I've always hated oysters and thought lobster was over rated, always thought shrimp was better.
Until the last decades of the 20th century New York City ate the fish in the Hudson River and Atlantic Ocean. There were seafood restaurants throughout Manhattan appealing to all levels of society including the poet Ogden Nash but he didn't like cod much. He loved the shad that swam up the Hudson to spawn and he wrote...
The Shad
I'm sure that Europe never had
A fish as tasty as the shad.
Some people greet the shad with groans,
Complaining of its countless bones;
I claim the bones teach table poise
And separate the men from boys.
The shad must be dissected subtle-y;
Besides, the roe is boneless, utterly.
There's a book called The Founding Fish; its all about the Shad and how influential it was in the diets of early US colonies.
I LOVE shad. Not so much the roe, but the fish. That and bluefish were the first fish I liked to eat.
As someone from RI seafood has always been a part of my diet
Hey Ryan!! Awesome to see you bro!! I love your videos
Grew up in Savannah. Grandma had a freezer full of fish, shrimp, and crab. My uncle Mike never used buoys on his crab traps because of crab thieves. He would tie a cane pole to the trap line and hide it in the edge of the marsh. Don't know how he remembers where they are. When Grandma was a girl they regularly scoured the beach in summer for sea turtle nests, which is of course a federal crime now, but was free food for poor folks back then.
Great program! This working man's series is wonderful. Thank you.
I live near the coast in Massachusetts and we are so lucky to have fresh fish. It’s expensive, but delicious.
A recreational fishing permit here is only $10. Well worth it!
also salmon and trout species occur basically everywhere fresh water occurs on earth. even arctic ocean in the form of arctic char
Incredible insight love this channel
Thanks for another amazing video. Ryan Take Care and Be Safe!
Great video, great channel. Love this stuff. Keep it going, please.
Here in the central part of the states, seafood is only available when frozen and shipped inland and even then, the cost is almost prohibitive. I love seafood of all sorts but for the cost, I will be happy catching and eating what I can catch locally.
Were citrus fruits widely available at that time?? I would think they would be a rich persons food. Love this channel!!
Unless they were brought over on ships, your go-to would often be vinegar. That being said, I dont think they were as hard to acquire as one might think; Mexico was still to the south and im sure merchants brought the stuff upwards by then.
In a modern bushcraft or survival situation, fishing is an excellent way to get food, if you have a large enough body of water near you. Even a small stream will have fish in it, usually. And all you need is a hook and some line. A pole can be fashioned fairly easily.

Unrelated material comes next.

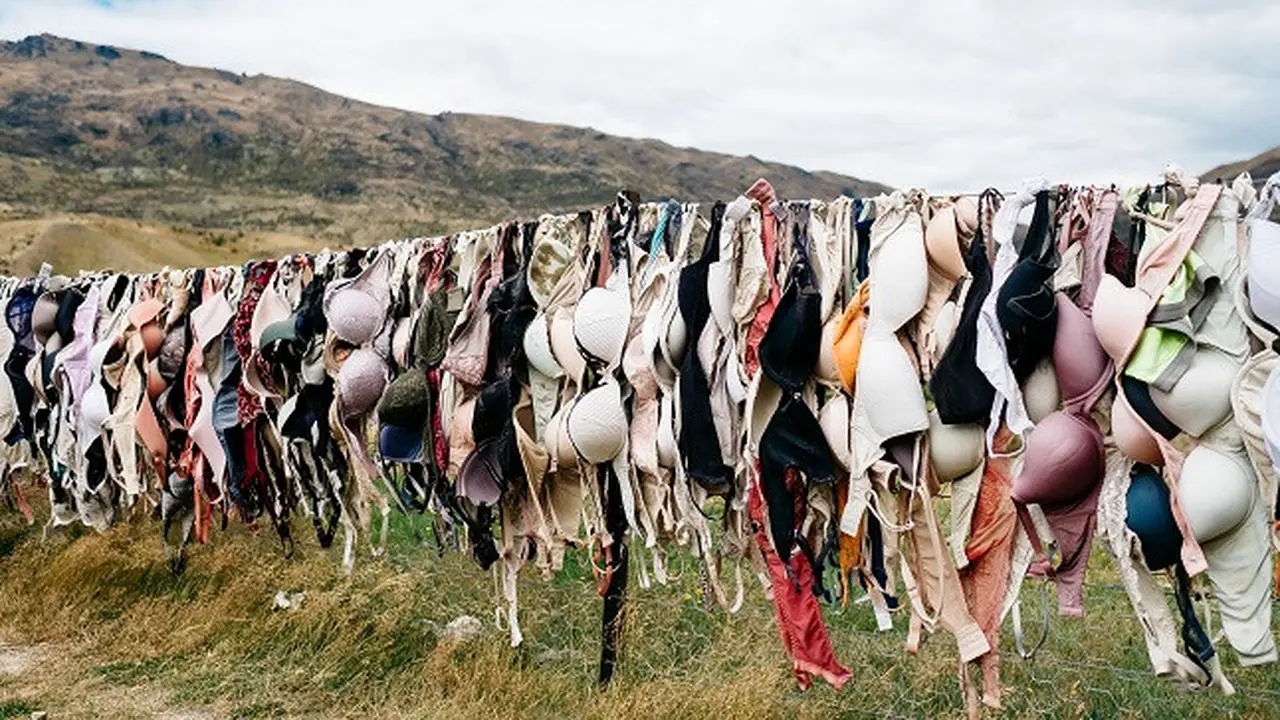 Bra/Unsplash Pablo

And a packet of hooks and some monofilament line are small and lightweight. So it's almost a no brainer to carry these if you go out into the woods for any length of time.
Here we can catch our own lobster recreationally so I’ve eaten plenty. Can do the same with oysters in places.
Shrimp/prawns are a much better flavour and texture, you’re paying for the “exclusivity” of the former not because they’re better.
I was in the Coast Guard for 14 years and served most of them in New England. Back then I couldn't wait to get back to central Texas. Now that I am several years into college, I dearly miss the ocean, seafood, and snow. Funny how that works.
25,000 fish is the equivalent of 1-3 cran or 37.5 imperial gallons. Cran is predominantly used for herring. A cran is measured for unclean/unprocessed herring generally.
I grew up in middle TN in the 70's and 80's. FIsh sticks and frozen, processed, supermarket "stuffed crabs" was the only seafood I got for years.
Fantastic video, great job!!
I'm deadly allergic to most shellfish and I've never regretted that fact until watching this video.
A particular kind of fishing much esteemed in the 18th and 19th centuries that’s not held in high regard these days is whaling. I can’t see that you’ve covered this, but I’d love to see a video on this topic.